Reserve Bank of India, vide its circular DBOD.No.CID.BC.127/20.16.056/2013-14 dated June 27, 2014 advised banks and financial institutions that Banks/FIs should include in their credit appraisal processes/loan policies, suitable provisions for obtaining Credit Information Reports (CIR) from one or more Credit Information Companies (CICs) so that the credit decisions are based on information available in the system.

The information contained in the CIR (which contains credit score) would be one of the factors that banks would consider before granting any credit facility to a prospective borrower. However, it will be the commercial judgement of the concerned credit institution to grant loan or otherwise to such borrowers based on their Board approved policies.

16 What are the steps taken against wilful defaulters by RBI?

In terms of Master circular dated July 1, 2015, following instructions have been issued with regard to Wilful Defaulters.

I) Measures to be initiated by the banks and FIs against the wilful defaulters identified:

i). No additional facilities should be granted by any bank / FI to the listed wilful defaulters. In addition, such companies (including their entrepreneurs / promoters) where banks / FIs have identified siphoning / diversion of funds, misrepresentation, falsification of accounts and fraudulent transactions should be debarred from institutional finance from the scheduled commercial banks, Financial Institutions, NBFCs, for floating new ventures for a period of 5 years from the date of removal of their name from the list of wilful defaulters as published/disseminated by RBI/CICs.

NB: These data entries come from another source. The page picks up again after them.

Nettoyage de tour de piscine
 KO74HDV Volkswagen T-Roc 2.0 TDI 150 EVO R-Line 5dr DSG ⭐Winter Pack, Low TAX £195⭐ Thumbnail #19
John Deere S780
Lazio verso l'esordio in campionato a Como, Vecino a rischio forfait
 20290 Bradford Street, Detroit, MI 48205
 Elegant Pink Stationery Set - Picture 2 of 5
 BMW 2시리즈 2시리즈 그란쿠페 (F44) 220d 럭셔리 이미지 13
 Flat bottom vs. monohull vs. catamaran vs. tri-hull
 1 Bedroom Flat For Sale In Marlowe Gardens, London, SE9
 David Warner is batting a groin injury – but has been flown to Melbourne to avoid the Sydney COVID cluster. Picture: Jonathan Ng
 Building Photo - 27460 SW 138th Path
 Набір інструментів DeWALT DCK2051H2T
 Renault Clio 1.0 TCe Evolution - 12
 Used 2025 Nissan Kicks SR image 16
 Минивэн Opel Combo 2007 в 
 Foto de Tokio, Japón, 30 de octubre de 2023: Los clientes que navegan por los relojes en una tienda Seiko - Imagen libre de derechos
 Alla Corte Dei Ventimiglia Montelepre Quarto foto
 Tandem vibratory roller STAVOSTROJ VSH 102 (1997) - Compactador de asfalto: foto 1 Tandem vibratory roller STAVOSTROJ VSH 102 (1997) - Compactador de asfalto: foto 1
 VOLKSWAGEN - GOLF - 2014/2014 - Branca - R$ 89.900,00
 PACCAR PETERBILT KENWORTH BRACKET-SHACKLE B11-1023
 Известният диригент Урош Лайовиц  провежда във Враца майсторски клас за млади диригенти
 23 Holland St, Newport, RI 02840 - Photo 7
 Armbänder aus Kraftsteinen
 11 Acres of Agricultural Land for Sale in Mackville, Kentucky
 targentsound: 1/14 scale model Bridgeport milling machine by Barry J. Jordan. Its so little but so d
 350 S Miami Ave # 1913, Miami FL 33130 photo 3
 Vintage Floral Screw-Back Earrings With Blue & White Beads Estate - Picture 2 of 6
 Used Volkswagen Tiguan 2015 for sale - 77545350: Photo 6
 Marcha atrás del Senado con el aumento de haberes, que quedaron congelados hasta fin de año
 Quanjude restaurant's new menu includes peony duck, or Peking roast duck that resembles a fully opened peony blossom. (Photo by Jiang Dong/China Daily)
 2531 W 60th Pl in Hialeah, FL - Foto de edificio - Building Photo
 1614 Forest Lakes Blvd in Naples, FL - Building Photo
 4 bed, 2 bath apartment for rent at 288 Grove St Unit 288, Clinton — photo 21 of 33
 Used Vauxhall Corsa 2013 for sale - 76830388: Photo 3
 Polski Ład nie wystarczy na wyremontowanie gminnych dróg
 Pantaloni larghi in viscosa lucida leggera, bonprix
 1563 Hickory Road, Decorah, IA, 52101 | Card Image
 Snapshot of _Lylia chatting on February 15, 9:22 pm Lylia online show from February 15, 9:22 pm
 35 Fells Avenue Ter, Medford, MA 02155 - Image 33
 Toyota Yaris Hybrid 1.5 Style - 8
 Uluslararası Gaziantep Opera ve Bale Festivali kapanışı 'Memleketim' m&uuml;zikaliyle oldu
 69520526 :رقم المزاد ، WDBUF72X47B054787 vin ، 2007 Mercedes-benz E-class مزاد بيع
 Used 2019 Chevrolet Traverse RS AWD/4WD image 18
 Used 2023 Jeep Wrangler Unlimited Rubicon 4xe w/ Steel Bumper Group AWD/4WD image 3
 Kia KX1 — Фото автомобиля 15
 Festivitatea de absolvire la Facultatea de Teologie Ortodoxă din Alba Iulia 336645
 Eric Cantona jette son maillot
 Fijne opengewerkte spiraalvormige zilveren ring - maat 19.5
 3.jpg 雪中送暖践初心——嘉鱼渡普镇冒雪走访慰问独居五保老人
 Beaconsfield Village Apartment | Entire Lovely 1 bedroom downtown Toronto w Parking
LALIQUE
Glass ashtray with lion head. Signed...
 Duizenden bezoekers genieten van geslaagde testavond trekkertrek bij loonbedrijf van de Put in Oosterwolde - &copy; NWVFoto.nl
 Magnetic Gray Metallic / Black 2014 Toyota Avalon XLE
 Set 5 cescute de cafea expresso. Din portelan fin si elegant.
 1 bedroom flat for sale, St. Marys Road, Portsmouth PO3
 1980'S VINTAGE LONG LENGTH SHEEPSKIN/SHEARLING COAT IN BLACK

ii) A covenant in the loan agreements, with the companies to which the banks / FIs have given funded / non-funded credit facility, should be incorporated by the banks / FIs to the effect that the borrowing company should not induct on its board a person whose name appears in the list of Wilful Defaulters and that in case, such a person is found to be on its board, it would take expeditious and effective steps for removal of the person from its board.

II) Criminal Action against Wilful Defaulters

It is essential that offences of breach of trust or cheating construed to have been committed in the case of loans should be clearly defined under the existing statutes governing the banks, providing for criminal action in all cases where the borrowers divert the funds with malafide intentions.

III) Monitoring of End Use

Banks / FIs should closely monitor the end-use of funds and obtain certificates from borrowers certifying that the funds are utilised for the purpose for which they were obtained. In case of wrong certification by the borrowers, banks / FIs may consider appropriate legal proceedings, including criminal action wherever necessary, against the borrowers.

IV) Criminal Action by Banks / FIs

It is essential to recognise that there is scope even under the existing legislations to initiate criminal action against wilful defaulters depending upon the facts and circumstances of the case under the provisions of Sections 403 and 415 of the Indian Penal Code (IPC) 1860. Banks / FIs are, therefore, advised to seriously and promptly consider initiating criminal action against wilful defaulters or wrong certification by borrowers, wherever considered necessary, based on the facts and circumstances of each case under the above provisions of the IPC to comply with our instructions and the recommendations of JPC.

17 Provide details of total NPA of wilful defaulters of Banks as on 31.03.2016

Requested Information is confidential in nature and is exempt from disclosure under section 45E of the Reserve Bank of India Act, 1934. Moreover, in a pending case, [(W.P. (C) No. 573 of 2003 (Centre for Public Interest Litigation v. Housing & Urban Development Corp. Ltd &Ors)] Reserve Bank has submitted to the Hon’ble Supreme Court a list of defaulters above Rs. 500/- crores in a sealed cover claiming that the said information is confidential and requesting that it may not be revealed to the public. The matter is still under the consideration of the Supreme Court. We are therefore unable to provide the requested information.

Further, the banks /Financial Institutions have been advised to submit the data regarding defaulting borrowers to Credit Information Companies (CICs) and not to RBI from December 2014 onwards.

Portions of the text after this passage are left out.